Just a few minutes ago I was reading some blogs when I heard a crash from the living room. Knowing that Bruce was asleep in the bedroom, I immediately stood up as quietly as possible with all intentions of catching the Linus in the act of something. He was so absorbed in what he was doing that he didn't even look up as I came in the room. That's when I noticed that he had on his stalking-face (the same one he gets when he decides my foot has twitched in a very delicious-looking manner), and that he was peering down into one of the cracks in the cushions of the couch.
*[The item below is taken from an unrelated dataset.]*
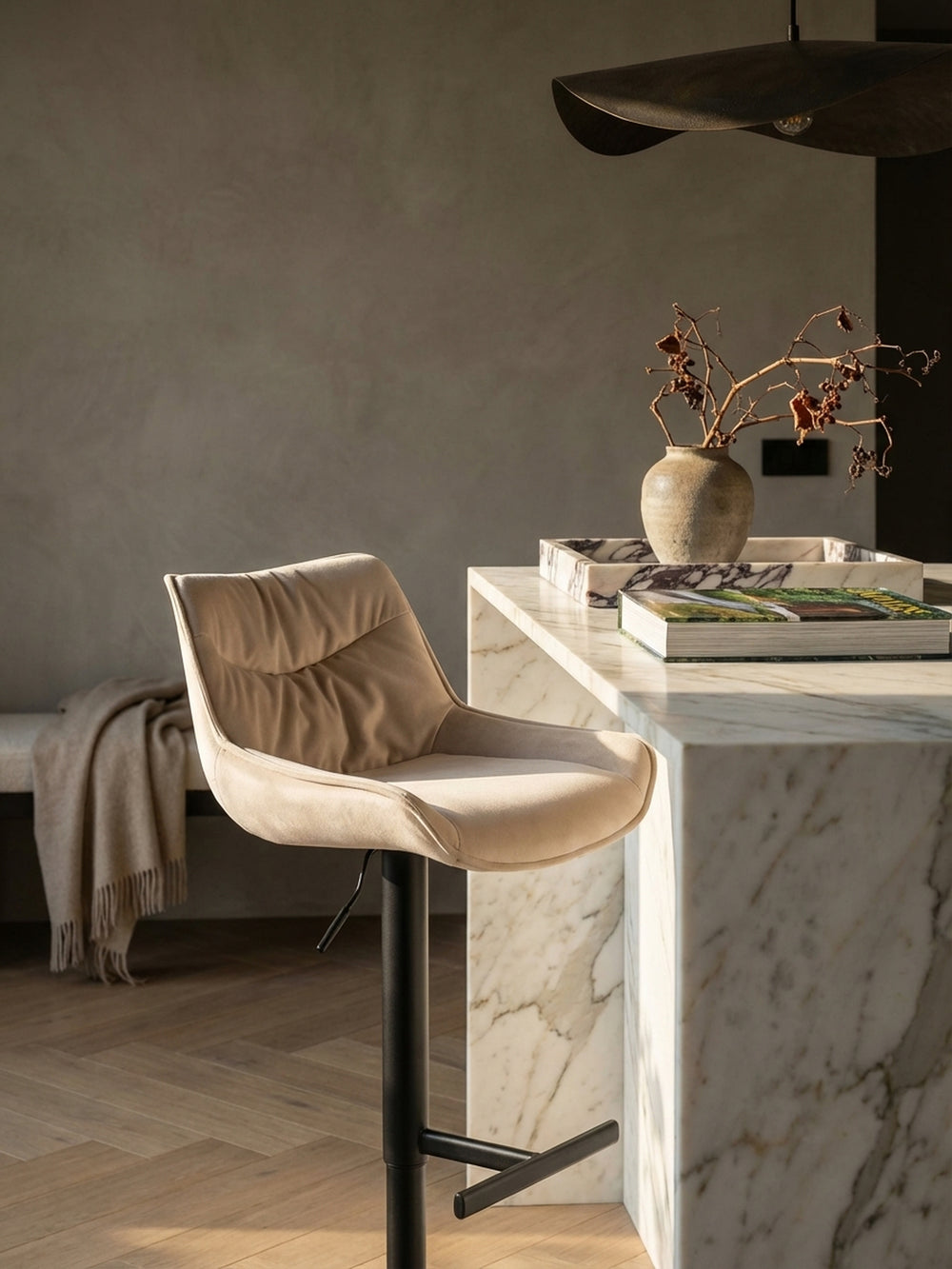 Ein gemütlicher Morgen an der Küchentheke mit dem beigen Samt-Barhocker, neben einer Tasse Kaffee und einem Architekturmagazin auf der Marmorplatte._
Bug! Good Linus! Catch the buggy, eat him if you must. I mentally applaud any and all efforts on his behalf to rid us of household pests. Mentally, because Bruce is much more likely to get disgusted and scold him for eating things that are alive, and I don't want to gross Bruce out by cheering him on. The cheering (mental or otherwise) usually stops when and if there is crunching involved anyway. Crunching = Gross. But I digress.
So Linus was peering into the cracks of the couch most curiously and I wanted to help him out. I'm a good mom in that respect. I approached and spread the cushions apart to allow him greater access to his prey, and almost shit myself when I saw what was in there.
This! That disgusting thing was in there! That thing that crawled into my shoe in the dark one summer on the way home from the roller skating rink at the county park and then when I put my foot back into my shoe it was there and it MOVED and CRUNCHED and may possibly have BITTEN me, that thing! Was! In! My! Couch!
It appeared to be dead, but it was Not! Dead! And Linuses had lost all interest in it the second that it started appearing dead. So I did the only sensible thing a woman can do when her good-for-nothing cat is disinterested and her bug-killing husband is asleep.
I made myself a PMOP and took it outside. What, you think I'd make it crunch?